Just because something's labeled as one thing, doesn't mean it can't be used for something else. A sock can be used as a puppet. A credit card can pick locks. And flooring tiles can, without question, be used on your walls.
Actually, any type of flooring designated for 'the floor' can be used in any vertical surfaces or countertops. In fact, flooring is designed to endure a lot more wear and tear than any wall or countertop would ever endure, meaning that a flooring material might be your best bet for a durable wall design.
We as consumers call tiles 'floor' tiles or 'wall' tiles, but in reality, these tiles are just judged upon certain criteria, such as the PEI rating. For example, a tile with a PEI rating of 1 is only suitable for walls, since it can't handle foot traffic. Thus, this tile would not be considered a 'floor' tile. Tiles are also rated on their Static Coefficient of Friction quality, which is just a way of saying how slippery a tile is. A tile with a PEI rating of 3 and a COF of 5 would be considered a 'floor' tile, but you can certainly put that tile on the wall. It'll just be one heck of a durable wall tile.

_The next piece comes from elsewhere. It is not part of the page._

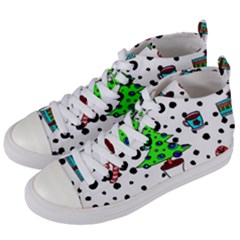 It`s Cold Outside Christmas Pattern Women s Mid-top Canvas Sneakers by ConteMonfrey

Of course the inverse is just not possible. You cannot and should not put designated wall tiles on your floors. That's because a wall tile is likely unable to handle any foot traffic, and it most likely far too slippery for a preferred flooring surface.
Ceramic, tile and slate tiles are quite common installs for walls. One of the major differences you may see between traditional wall tiles and floor tiles used for the wall is the level of glossiness. If you're looking for a super-shiny appearance on your walls, you may want to go with a traditional wall tile. These tiles have a lower friction quality, thus they appear glossier.